I'm a happy user of "oath-toolkit', too.
I wrapped that into a small shell script which lets me easily select
any of the few TOTP secrets I have collected so far. It also tracks
the token changes on the full and half minute.
Have fun, Martin
#/bin/sh
case "$1" in
-h*)secret=YOUR ;;
-z*)secret=SECRETS ;;
-m*)secret=GO_HERE ;;
?*) secret=$1 ;;
"") echo "usage: $0 [ -h | -z | -m | ]"
exit 1
;;
esac
# https://www.youtube.com/watch?v=Q3mgapAcVdU
# we gotta get out of this place, but cleanly:
trap "exit 0" INT
while true; do
t=`date +%S`
date +"%T, current & next token (changes on seconds :00 and :30):"
oathtool --totp -w1 -b $secret
# gotcha! SOMETIMES, $t may come in as 08 or 09 which would be
# illegal octal numbers -- we need to nuke a leading "0":
sleep $(( 1 + 30 - (${t#0} % 30) ))
done
# and if it's the last thing we ever do...

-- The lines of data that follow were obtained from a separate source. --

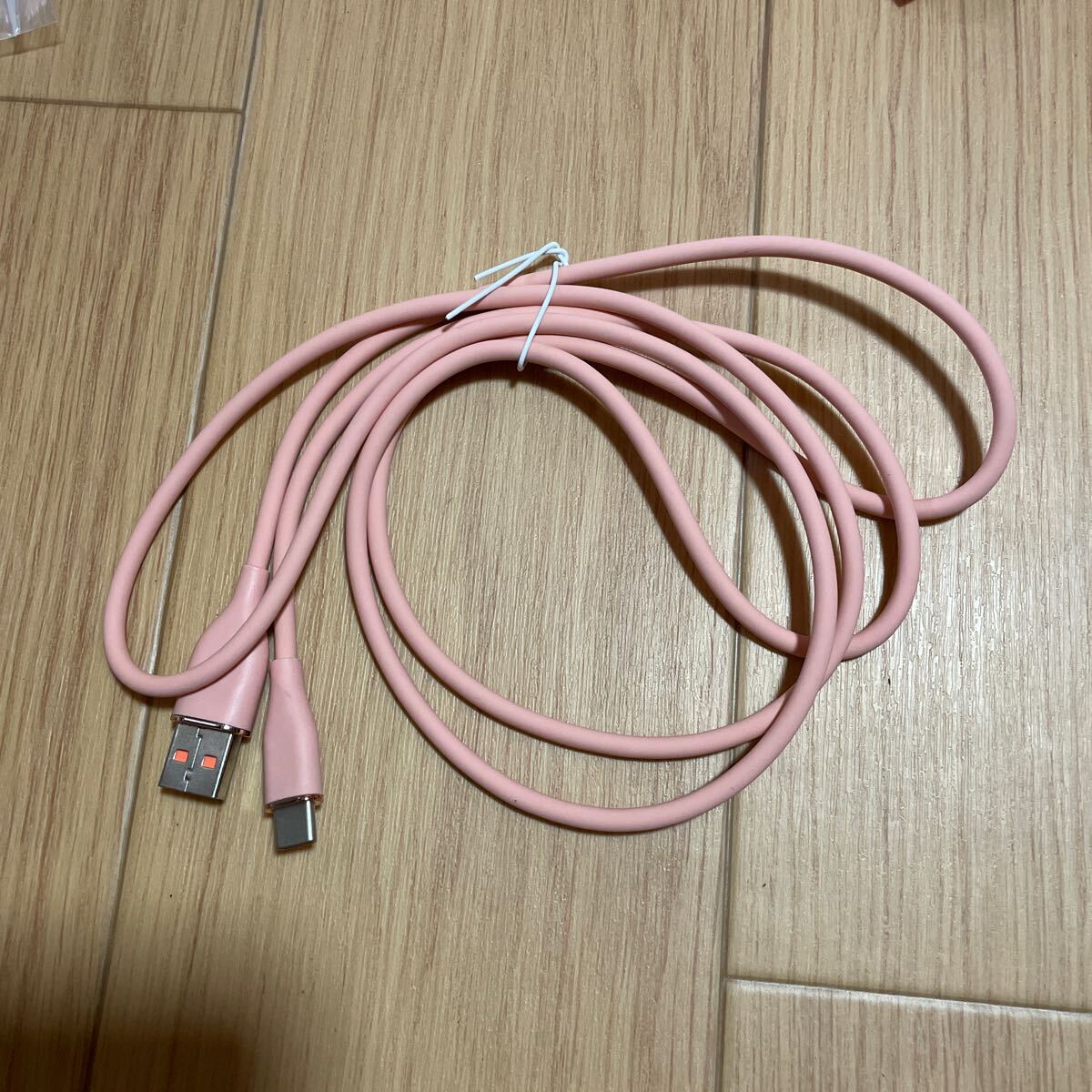 商品名:USB Type C ケーブル長さ:1.5m色:ピンク製造国:拍卖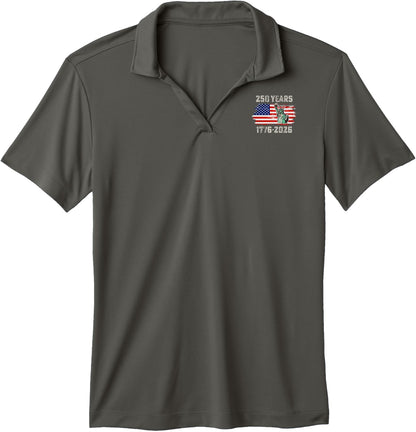 HOT250th Anniversary 250 Birthday Statue of Liberty USA Flag Performance Polo Shirt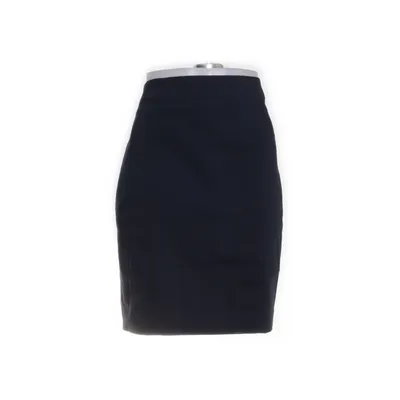 Kjol (Blå) från H&M Modern Classic Polyester, Elastan, Bomull
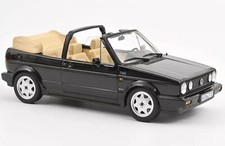 + VOLKSWAGEN VW Golf 1 Cabrio Modellauto von NOREV 1:18 schwarz NEU 188568 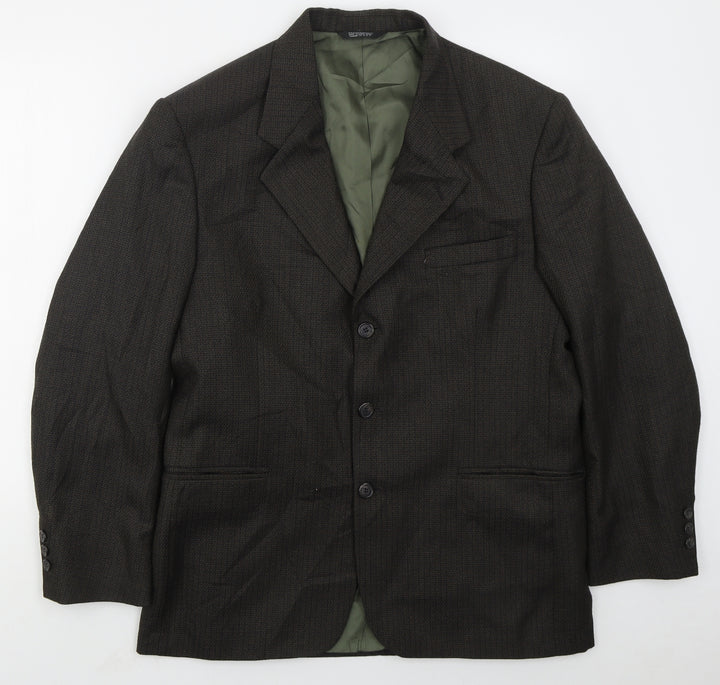 Craft & Barrow Mens Brown Polyester Jacket Suit Jacket Size 44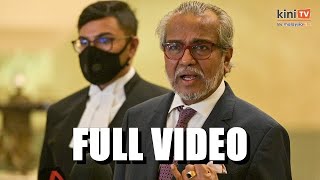 Full Video Najib vs Malaysia  Lawyer Shafee Abdullahs press conference [upl. by Asyral]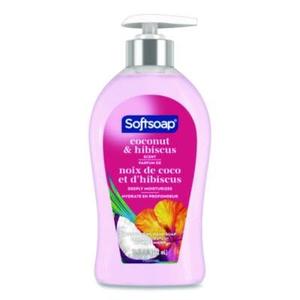 Softsoap Hydrating Liquid Hand Soap Coconut Hibiscus, Aloe Vera, 11.25 Fl Oz(pack of 6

# 2FA -- 2 Factor Audio, here's the 2nd factor:
# https://www.youtube.com/watch?v=lsuQO77n9SE
Re: TOTP apps, and WebAuthn recommended devices?

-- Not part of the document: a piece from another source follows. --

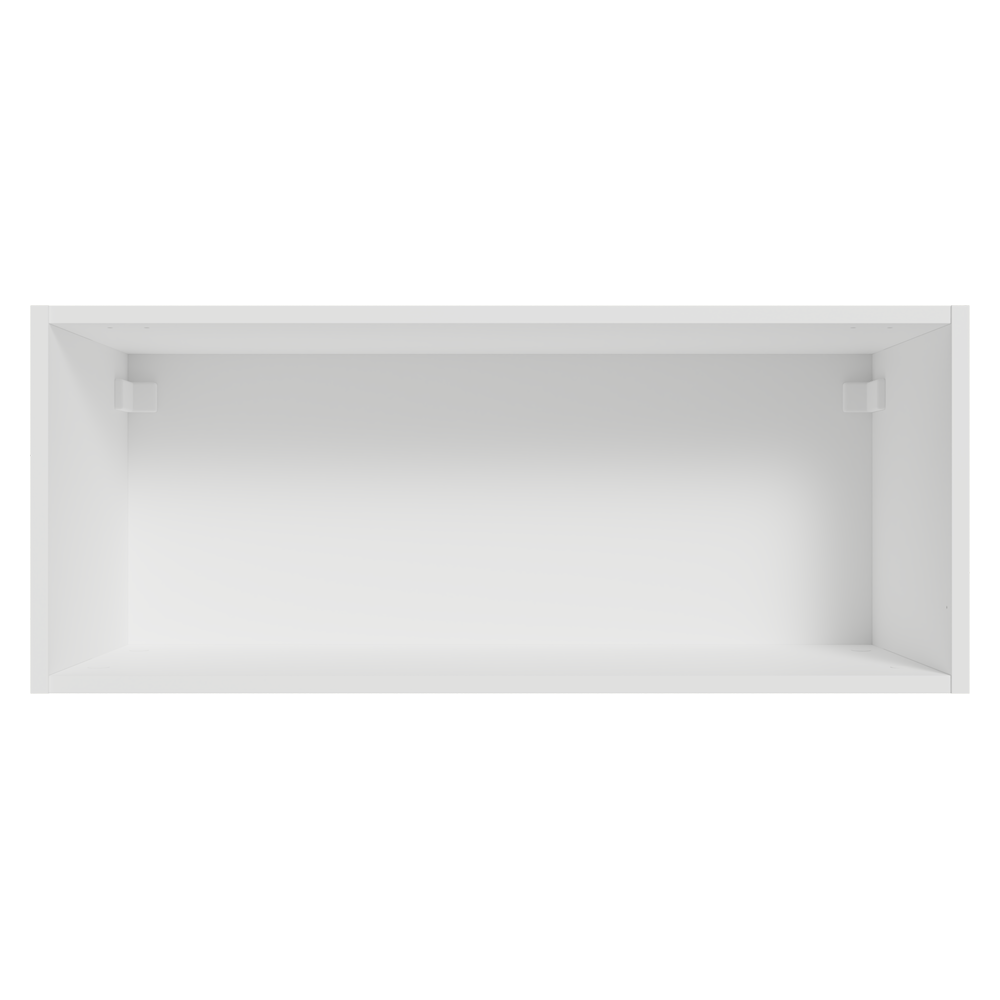 Mueble de Cocina Superior Vik 80 cm 1 Puerta Abatible Blanco/Gris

On Thu, Mar 23, 2023 at 03:23:40PM +, Stephen Borrill wrote: > On Thu, 23 Mar 2023, Greg Troxel wrote: > > 2FA is increasingly required, which is fine, but I wonder about > > strategies for coping as a NetBSD user. > > > > One thing is TOTP. There are Android apps from f-droid (which suits me > > but not everyone), and there is vaultwarden which should allow bitwarden > > to do TOTP. I wonder if there are good TOTP programs in pkgsrc and what > > people recommend. > > security/oath-toolkit work well for me ... For TOTP (and HOTP <- is this commonly/ever used, btw?), I found oath-toolkit/oathtool very helpful as well. I've been using it for a couple years. Recently, I also discovered "susam/mintotp" on github; and it's been very useful too, in a situation helping others where the laptop in use was running the mainstream, proprietary OS (rather than NetBSD). Slightly "off question", maybe, but I mention it because the mintotp.py implementation seems minimal & elegant (less than 1KB of python code--and depends on, IIRC, only stock python libs: so it simply worked with the proprietary OS's Python version from its online app store). The mintotp repo also has almost 2 orders of magnitude more documentation than code--and yet even that was a manageable quantity. Something about this made me happy... I was able to look over mintotp.py and be fairly confident that it wasn't revealing the OTP shared secret (or other information) to a third party.[*] The simplicity of the implementation may mean that it will run easily on a smart- phone's Python too, although I haven't tried. And of course it runs on stock pkgsrc Python under NetBSD; although mintotp itself isn't packaged. Best, -D [*] I'm not a code auditing expert by any means, however; so take that with a grain of salt. And obviously, it isn't of as much value if one is already running in a proprietary OS.